Dark Horse Presents #1 (Volume 3, #194)
Written by: Geof Darrow, David Mack, Peter Hogan, Brendon McCarthy, Jimmy Palmiotti, Justin Gray, Damon Gentry
Art by: Geof Darrow, David Mack, Steve Parkhouse, Andy Kuhn, Aaron Conley
Review by Nick Guerrera
Featuring an eclectic mix of art and writing styles, Dark Horse Presents #1 is 56 pages of short, fun, bizarre, and imaginative stories compiled into a $4.99 anthology. You don’t always know what you’re going to get in an anthology, but in the case of Dark Horse Presents #1, there are enough familiar faces involved to make an investment of your time, money, and imagination, very worthwhile.
The cover and lead story feature The Big Guy and Rusty the Robot Boy, created in the mid-90’s by Frank Miller (Sin City, The Dark Knight Returns) and Geof Darrow (Hard Boiled, Shaolin Cowboy). Geof Darrow flies solo in this tale though, handling both the art and the writing. The intricacies in Darrow’s art are so fine that the story, while amusing, takes a back seat to the examination of each detail and every funny little joke placed in panel after panel.
Part monster story, part sci-fi, part social commentary, Darrow’s story serves as an excellent introduction to the personalities of the Big Guy and Rusty.

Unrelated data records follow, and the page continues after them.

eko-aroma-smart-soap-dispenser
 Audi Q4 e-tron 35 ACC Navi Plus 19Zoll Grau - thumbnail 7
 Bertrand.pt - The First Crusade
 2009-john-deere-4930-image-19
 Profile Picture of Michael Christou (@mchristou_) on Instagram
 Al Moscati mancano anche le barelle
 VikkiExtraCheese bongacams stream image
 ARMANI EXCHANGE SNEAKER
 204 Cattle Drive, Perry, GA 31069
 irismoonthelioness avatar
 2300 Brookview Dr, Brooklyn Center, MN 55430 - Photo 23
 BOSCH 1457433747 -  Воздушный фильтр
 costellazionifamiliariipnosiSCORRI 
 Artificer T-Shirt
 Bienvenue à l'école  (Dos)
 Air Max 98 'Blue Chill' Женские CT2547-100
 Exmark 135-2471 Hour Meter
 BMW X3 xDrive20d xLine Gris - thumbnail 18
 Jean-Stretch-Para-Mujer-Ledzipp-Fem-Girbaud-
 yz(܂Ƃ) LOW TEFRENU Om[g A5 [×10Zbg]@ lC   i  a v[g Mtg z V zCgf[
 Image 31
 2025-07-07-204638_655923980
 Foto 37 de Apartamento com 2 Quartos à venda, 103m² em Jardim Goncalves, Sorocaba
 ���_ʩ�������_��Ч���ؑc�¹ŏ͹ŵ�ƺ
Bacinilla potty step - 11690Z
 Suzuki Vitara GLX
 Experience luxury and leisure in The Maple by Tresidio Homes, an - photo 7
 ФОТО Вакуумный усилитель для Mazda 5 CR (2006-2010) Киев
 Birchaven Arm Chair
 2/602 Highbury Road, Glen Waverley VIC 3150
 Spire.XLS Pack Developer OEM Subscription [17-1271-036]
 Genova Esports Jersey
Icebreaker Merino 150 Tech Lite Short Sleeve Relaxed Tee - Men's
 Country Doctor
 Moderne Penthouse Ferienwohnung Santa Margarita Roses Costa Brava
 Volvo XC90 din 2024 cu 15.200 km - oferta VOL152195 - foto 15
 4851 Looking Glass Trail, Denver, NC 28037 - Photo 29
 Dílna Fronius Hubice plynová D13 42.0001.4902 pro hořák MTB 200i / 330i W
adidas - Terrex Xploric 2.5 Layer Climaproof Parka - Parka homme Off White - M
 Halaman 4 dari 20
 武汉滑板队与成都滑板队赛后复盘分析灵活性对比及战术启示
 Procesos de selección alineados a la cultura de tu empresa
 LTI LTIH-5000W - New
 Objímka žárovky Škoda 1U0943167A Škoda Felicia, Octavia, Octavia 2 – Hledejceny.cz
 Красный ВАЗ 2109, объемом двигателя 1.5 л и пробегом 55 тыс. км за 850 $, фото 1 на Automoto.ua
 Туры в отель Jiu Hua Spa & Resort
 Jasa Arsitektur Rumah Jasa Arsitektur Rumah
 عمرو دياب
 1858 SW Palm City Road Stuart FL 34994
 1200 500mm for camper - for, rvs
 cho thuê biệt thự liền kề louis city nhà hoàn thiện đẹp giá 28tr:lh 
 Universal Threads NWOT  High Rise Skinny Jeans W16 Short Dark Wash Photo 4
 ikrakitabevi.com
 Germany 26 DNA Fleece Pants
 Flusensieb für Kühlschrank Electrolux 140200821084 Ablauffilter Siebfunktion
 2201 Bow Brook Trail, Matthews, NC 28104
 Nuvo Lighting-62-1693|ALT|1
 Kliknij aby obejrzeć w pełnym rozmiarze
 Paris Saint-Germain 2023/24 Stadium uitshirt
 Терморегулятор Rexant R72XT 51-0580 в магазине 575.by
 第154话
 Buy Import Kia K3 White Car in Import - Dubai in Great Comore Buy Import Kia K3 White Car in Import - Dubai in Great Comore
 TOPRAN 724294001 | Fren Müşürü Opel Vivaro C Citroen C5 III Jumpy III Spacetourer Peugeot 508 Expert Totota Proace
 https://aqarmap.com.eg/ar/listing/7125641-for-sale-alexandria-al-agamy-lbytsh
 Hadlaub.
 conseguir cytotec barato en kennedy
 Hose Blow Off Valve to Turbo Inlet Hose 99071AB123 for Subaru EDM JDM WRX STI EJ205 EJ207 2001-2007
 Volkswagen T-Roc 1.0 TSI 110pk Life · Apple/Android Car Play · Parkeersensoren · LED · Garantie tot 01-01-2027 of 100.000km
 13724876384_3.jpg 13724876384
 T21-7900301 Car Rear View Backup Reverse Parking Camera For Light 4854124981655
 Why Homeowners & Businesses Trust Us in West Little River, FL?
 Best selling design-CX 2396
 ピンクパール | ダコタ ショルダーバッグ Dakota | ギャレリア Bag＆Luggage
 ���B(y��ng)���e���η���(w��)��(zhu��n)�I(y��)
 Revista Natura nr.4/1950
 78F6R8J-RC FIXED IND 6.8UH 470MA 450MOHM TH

The Big Guy shouts horrible one-liner after horrible one-liner as he bashes the monster and Rusty handles crowd control in the most ridiculous way. Speaking of crowd control, the real stars of this story are the nameless masses that wander the beach as the Big Guy and the monster brawl — too occupied with their cell phones, cigarettes, and garbage to be aware of, or concerned with, the immediate danger directly in front of them. There’s a lot of social and political commentary in these brief nine pages, and man is it fun.
Next up is another 90’s creation, Kabuki, in a story by David Mack titled “Kabuki: The Psy-Chic.” I was surprised how invested I became in this story given not only the short length but also the non-traditional “arts-craftsy-collagey” art style. Word balloons and narration look like they were cut from paper and glued to the page. Dreamy watercolors swim behind cut-out paper of varied textures to form figures, symbols, and even panel frames. It’s a very dreamy story that gives intriguing glimpses into Kabuki’s past while also giving us an idea of where her story goes from here.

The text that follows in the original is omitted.